Abstract
Manuscript Type: Empirical. Research Question/Issue: It is fairly
well established that business group affiliation can compensate for
relatively weak institutions in emerging markets, and in Japan. However,
business groups are also common in the EU, and there have not yet
been any studies of business group affiliation and firm performance
in the EU. Consequently, we investigate how business group affiliation
affects firm performance in Belgium. Research Findings/Insights:
We find that operating profitability of group companies is significantly
lower than that of stand-alone companies, while group companies have
more volatile profits than stand-alone companies. Operating profitability
of group companies does not depend on the extent of group diversification.

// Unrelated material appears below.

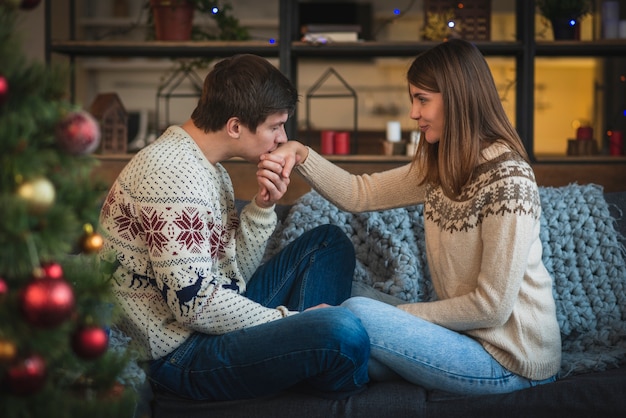 ソファの上の女性の手にキスをする男性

Internal capital markets transfer funds from good performers to poorly
performing group companies. The impact of group affiliation on profitability
does not depend on group age or group ownership. Theoretical Implications:
Our study is, to the best of our knowledge, the first to investigate
how affiliation with a business group affects company performance
in a developed country other than Japan. The results raise the question
why business groups endure in so many developed countries with good
investor protection and well-developed capital markets. Some explanations
proposed in the literature are not confirmed. Practical Implications:
Our study offers insights to policy makers and practitioners on the
value and the role of business groups in developed countries. The
results raise doubts about the value of these groups in such countries
and suggest that policy makers may want to consider dismantling business
groups in EU countries. © 2008 The Authors.